The man mutters to me an almost inaudible sentence that ends with the words "grounds for deportation."
I'm not sure if I am hearing him correctly. Did he say "that could be grounds for deportation" -- making a wry reference to the woman who was thrown off a Southwest flight a few months ago for wearing a T-shirt with a picture of Bush, Cheney and Condoleezza Rice that read "Meet the Fuckers"? Or did he say "should" instead of "could"?
I chuckle, hoping that he's joking. The teenager is no terrorist. She looks like a typical adolescent smartass, with her hair streaked red and a mild scowl set on her face. "You've got to be kidding," I say.
He is not. He continues to mutter to his wife, who is seated between us. I return my attention to my own children, an 8- and an 11-year-old, who are in the row directly behind me.
As the plane starts rolling down the runway, the man, who looks to be in his late 30s or early 40s, calls a flight attendant over and tells him about the teenager's shirt. He makes reference to "all the children on the flight." It is true, on this post-Thanksgiving flight there is a horde of kids. None of them, however, is paying the least bit attention to the dreaded teenager. The attendant, attempting to be polite, says he'll notify the captain but warns that the airline most likely won't do anything.
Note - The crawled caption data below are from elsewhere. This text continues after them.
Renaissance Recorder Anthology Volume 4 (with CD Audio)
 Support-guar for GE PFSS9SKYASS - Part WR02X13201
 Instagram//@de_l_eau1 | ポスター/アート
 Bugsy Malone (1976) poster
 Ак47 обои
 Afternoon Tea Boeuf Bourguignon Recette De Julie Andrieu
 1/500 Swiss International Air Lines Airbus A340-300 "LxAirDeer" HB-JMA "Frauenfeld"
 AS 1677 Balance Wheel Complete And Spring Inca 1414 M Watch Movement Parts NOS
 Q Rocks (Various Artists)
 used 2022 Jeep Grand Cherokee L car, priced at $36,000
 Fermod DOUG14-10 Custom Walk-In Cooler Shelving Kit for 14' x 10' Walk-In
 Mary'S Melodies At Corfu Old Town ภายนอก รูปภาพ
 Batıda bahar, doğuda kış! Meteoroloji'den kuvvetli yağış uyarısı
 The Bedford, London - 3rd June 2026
After liftoff my seatmate goes to the bathroom. While in the back of the plane he reiterates his complaint to the attendant, who then is forced to make a phone call to the captain. When my seatmate returns to our row, he is glowing with the pride of a successful tattletale. The captain has been informed, he tells his wife. The machinery of justice has been engaged.
I can stand it no longer. I address him directly. "I find your behavior more offensive than her shirt."
He does not understand me and I have to repeat it, more slowly. He is shocked. He tells me that as a parent, I should be very concerned about this appalling display of obscenity. I tell him that my children hear worse every day on the playground at school, and are surviving quite nicely.
"That doesn't make it right!" hisses his wife. We sputter at each other for a few more exchanges and then he says to me: "I don't want you to talk to me anymore. It's a long flight."
Let me just say that I would not be pleased if my own daughter boarded a plane wearing a "Fuck This Place" T-shirt. I'd consider it a sign of bad judgment (not least because it offers an open invitation to officious assholes to make trouble). I hope that I am raising my own children to make wiser decisions on how to express their freedom of speech.
But as I sat and seethed my way through a six-and-a-half-hour flight, it seemed to me that Mr. 23D was a symbol of everything I hate about a specific strain of cultural censoriousness that courses through our society. Your behavior offends me, so you must be punished. How dare you breast-feed in public, or believe in evolution, or love disco music? Your sexual practices, weird religious beliefs, choice of shirts -- whatever it is, the fact that you are doing it bothers me, so it must be stopped! Especially if there's any chance that the "children" might be harmed.
C'mon! Americans are made of sterner stuff. Raise your kids right and they'll shrug off the bizarre manifestations and odd personal lifestyle choices embraced by the motley crew of beings they'll encounter in their lifetimes. But raise 'em wrong, so they're quick to take offense when none is necessary, so intolerance is their first reaction to any kind of provocation, so complaint crowds out forbearance, and all you're doing is populating the world with more assholes, which is really the last thing we need.